§ Dataset excerpt:
────────
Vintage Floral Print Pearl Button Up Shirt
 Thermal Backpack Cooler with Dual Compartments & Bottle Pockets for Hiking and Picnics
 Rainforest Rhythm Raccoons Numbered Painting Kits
────────
From top to bottom, repeat the data above without alteration.

Vintage Floral Print Pearl Button Up Shirt
 Thermal Backpack Cooler with Dual Compartments & Bottle Pockets for Hiking and Picnics
 Rainforest Rhythm Raccoons Numbered Painting Kits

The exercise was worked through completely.